Ada... Belki de aramızda lise arkadaşlarıyla ayrı eve taşınma, farklı bir ülkeye yerleşme konusunda en pasif kişiydi. Çoğunluk ne derse düşünürüm ama Beste varsa varım, diyen biri. Benim yanlış kararlar vermeyeceğimi bilen, beni diğerlerinden daha iyi tanıyan biri belki de..
Cemre ise aramızda en başına buyruk olanımız. Ne annesi ne de babası umurunda. Yani umurundadır elbet ama sözde sevmiyor çok onları. Kendi haline bıraktık bizde.. Çoğunluğa uyup 'geliyorum' diyenlerden. Valizini topladığı gibi çıkmış evden.

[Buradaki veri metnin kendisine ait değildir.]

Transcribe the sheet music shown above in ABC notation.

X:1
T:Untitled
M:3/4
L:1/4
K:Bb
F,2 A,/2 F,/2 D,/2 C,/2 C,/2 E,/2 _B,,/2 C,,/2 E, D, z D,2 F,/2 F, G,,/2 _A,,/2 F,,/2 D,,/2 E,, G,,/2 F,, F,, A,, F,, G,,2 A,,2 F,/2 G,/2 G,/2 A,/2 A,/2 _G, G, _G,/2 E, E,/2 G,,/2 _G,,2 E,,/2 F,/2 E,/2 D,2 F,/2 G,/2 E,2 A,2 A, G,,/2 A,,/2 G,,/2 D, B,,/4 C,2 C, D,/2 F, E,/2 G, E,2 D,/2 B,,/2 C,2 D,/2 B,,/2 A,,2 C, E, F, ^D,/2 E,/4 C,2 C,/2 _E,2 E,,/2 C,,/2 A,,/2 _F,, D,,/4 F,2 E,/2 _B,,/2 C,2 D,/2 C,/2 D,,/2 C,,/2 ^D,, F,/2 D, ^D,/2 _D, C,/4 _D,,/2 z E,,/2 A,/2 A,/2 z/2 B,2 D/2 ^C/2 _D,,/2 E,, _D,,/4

Ve ben.. Aslında benim anlatacak çok fazla bir şeyim yok. Bunu sesli söylemiş olsaydım muhtemelen kızlar gülerlerdi.. Beş kişilik bir ailenin en büyük kızıyım. Henüz 17 yaşında bir kız kardeşim var; Ece. Kendisiyle kedi köpek gibi kavga etsek de... kardeş işte. Hem öyle sürekli iyi anlaşan kardeşleri samimi bulmuyorum ben. Kardeş dediğinle evde birbirini yersin, kavga edersin, tartışırsın ama dışarıya karşı hep birbirinizi korursunuz. Babamın da dediği gibi; "Kol hep içine bükülür."

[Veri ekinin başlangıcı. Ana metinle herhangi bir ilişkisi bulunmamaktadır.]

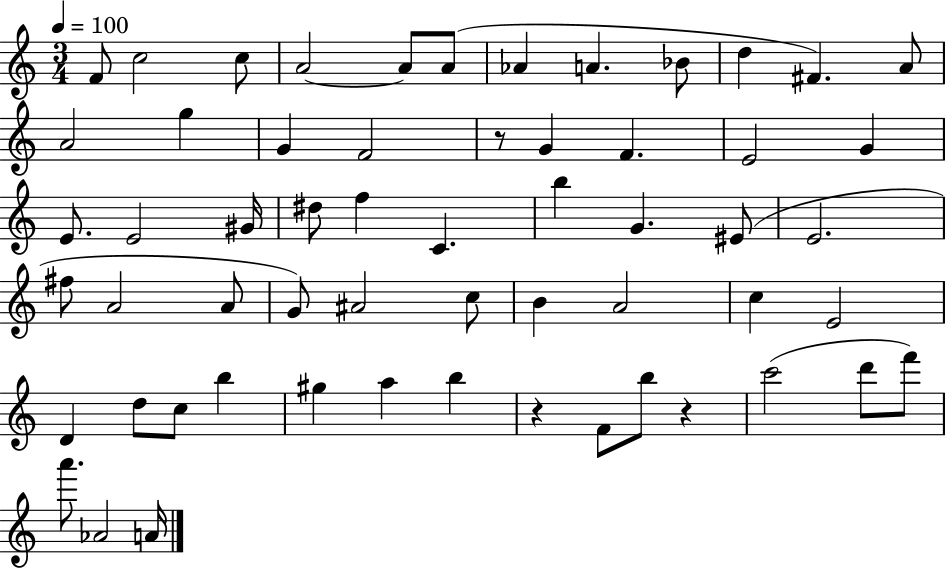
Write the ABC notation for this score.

X:1
T:Untitled
M:3/4
L:1/4
K:C
F/2 c2 c/2 A2 A/2 A/2 _A A _B/2 d ^F A/2 A2 g G F2 z/2 G F E2 G E/2 E2 ^G/4 ^d/2 f C b G ^E/2 E2 ^f/2 A2 A/2 G/2 ^A2 c/2 B A2 c E2 D d/2 c/2 b ^g a b z F/2 b/2 z c'2 d'/2 f'/2 a'/2 _A2 A/4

Bir de dünyalar tatlısı, baş belası bir erkek kardeşim var. Henüz 3 yaşında. Geç kalındı üretiminde.
Amerika'ya neden mi geldim?
Lise eğitimimi tamamlamak için.
Gelmeseydim olmuyor muydu?
Oluyordu.Amerika'ya gelebilmek için önce annemi ikna etmem gerekti. Sonra ikimiz bir olduk babamı ikna ettik zaten.

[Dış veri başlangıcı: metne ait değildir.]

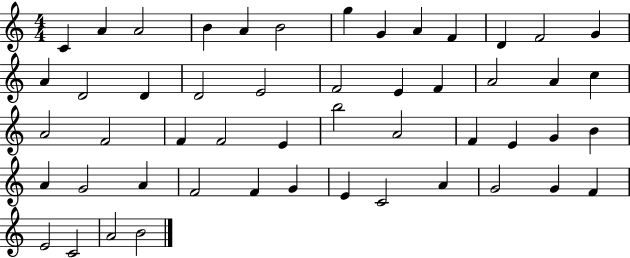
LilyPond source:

{
  \clef treble
  \numericTimeSignature
  \time 4/4
  \key c \major
  c'4 a'4 a'2 | b'4 a'4 b'2 | g''4 g'4 a'4 f'4 | d'4 f'2 g'4 | \break a'4 d'2 d'4 | d'2 e'2 | f'2 e'4 f'4 | a'2 a'4 c''4 | \break a'2 f'2 | f'4 f'2 e'4 | b''2 a'2 | f'4 e'4 g'4 b'4 | \break a'4 g'2 a'4 | f'2 f'4 g'4 | e'4 c'2 a'4 | g'2 g'4 f'4 | \break e'2 c'2 | a'2 b'2 | \bar "|."
}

''Biz niye yurda falan yerleşmedik ki ya?'' dedi Saye. Şuan bu konu hakkında konuşacak en son kişiydi çünkü bizi buraya o sürüklemişti.
"Eh," dedim, "Hadi kalkın da ortalığı toparlayalım. Hava da kararıyor hem, yatacak yer ayarlayalım. Sabah erken kalkacağız, işimiz çok."